Key words: Big data, cryptography, Encryption, Decryption, Security
1. Introduction
According to IDC’s statistics, by 2020 the volume growth rate of the digital data will be 44 to 50 times. This type of data is mostly unstructured in nature. Accommodating in addition to value making with this Big Data is a crucial issue. Due to the evolution of distributed computing, the third party computing environments like cloud computing which are emerged recently renders the needs of Big Data storage. These Cloud computing resources are shared across many users on demand basis on pay per use over internet. But as they are third party service providers, cannot guarantee the trust on the customers’ data storage [1].
With cloud computing, deployment of IT systems and data storage is shifted to off-premises third-party IT infrastructures. Deployment on off-premises third party IT infrastructures have the following characteristics.
• Data owners have only limited control over the IT infrastructure, therefore data owners must establish a mechanism to mandate the enforcement of their security policies to ensure data confidentiality and integrity.
• Cloud service providers have excessive privileges. This allows cloud service providers to control and modify users’ IT system and data.

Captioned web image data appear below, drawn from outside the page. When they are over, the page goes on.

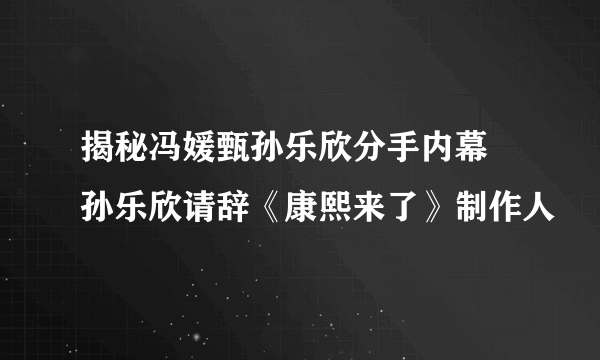 揭秘冯媛甄孙乐欣分手内幕 孙乐欣请辞《康熙来了》制作人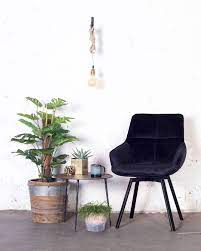 stoel shannon velvet zwart giga meubel stoelen stoel met leuning eetkamerstoelen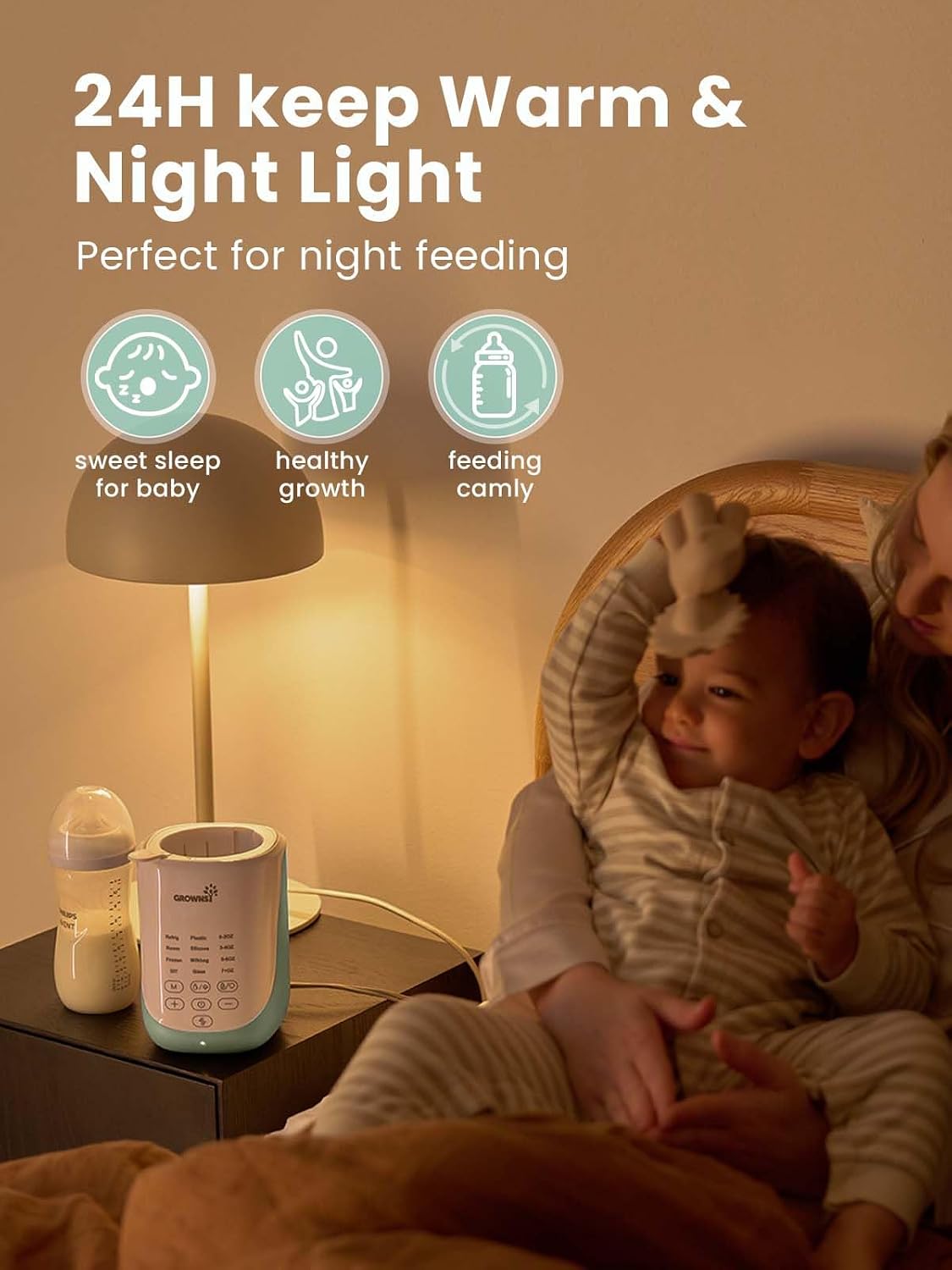 Grownsy Auto-Lift Nutri Bottle Warmer for Breastmilk & Formula, Green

The above two characteristics lead directly to a very low level of trust on keeping and sharing data on a cloud, when comparing to that of conventional infrastructures where users have a certain degree of control on the underlying infrastructures.[3]

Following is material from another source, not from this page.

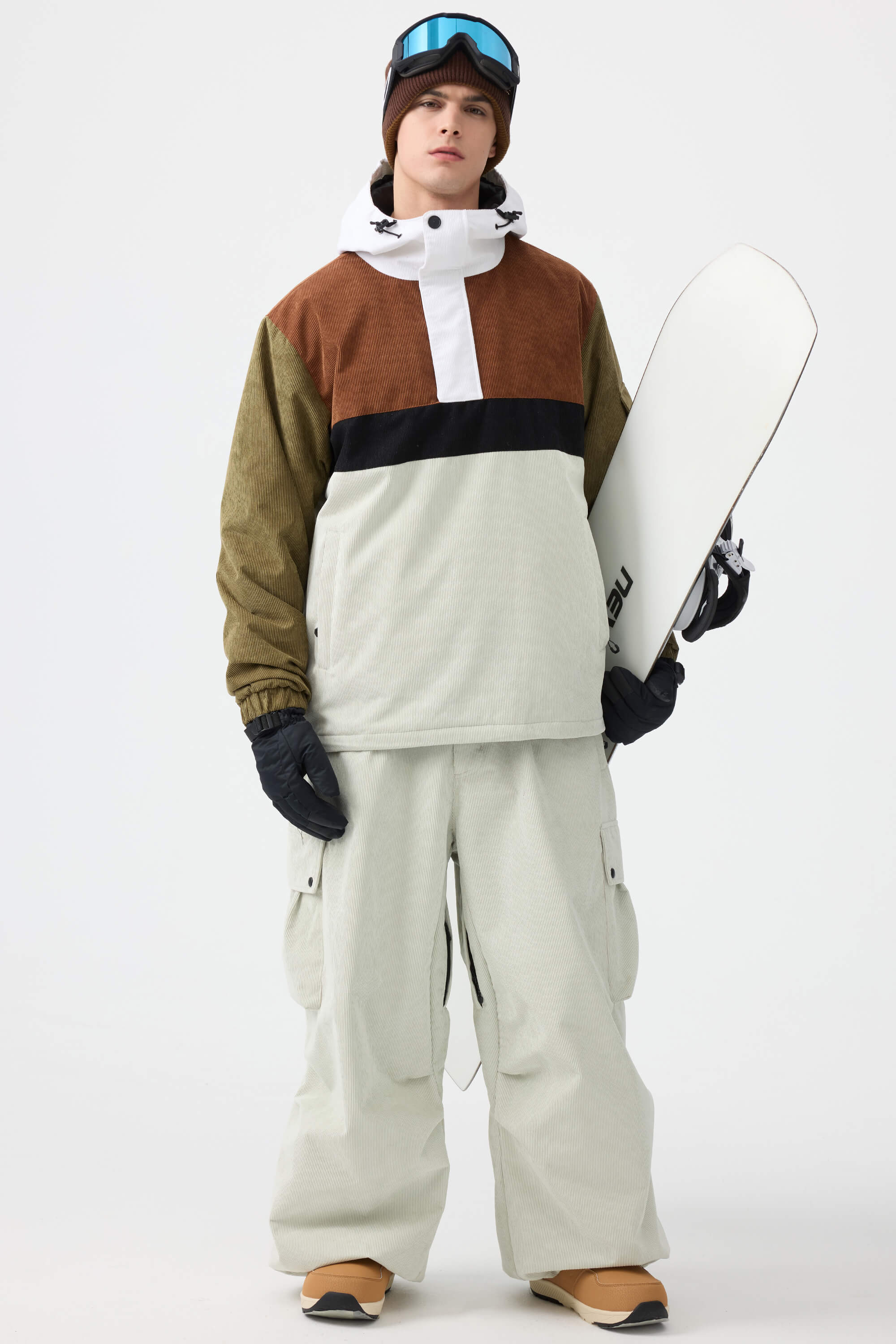 Men's Black Baggy Structured Ski Pants Corduroy Snow Pants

Apache Hadoop[4] is an open-source software framework that supports data-intensive distributed applications, the Hadoop Distributed File System (HDFS), is a distributed, scalable, and portable file system written in Java for the Hadoop framework, and HDFS is cloud storage the most widely used tool.
Given the wide range of applications for Big Data, it is not hard to imagine that sensitive data could end up in an organization’s HDFS infrastructure, making it a ripe target for exploitation. Depending on the business of the organization, this could have the potential to be a treasure trove of information that an adversary could become acutely interested in. If the organization can gain financial benefit from the data stored within HDFS, someone else may be able to as well [5].
HDFS is a highly fault-tolerant Hadoop distributed file system [7].Fig:1 shows the HDFS architecture.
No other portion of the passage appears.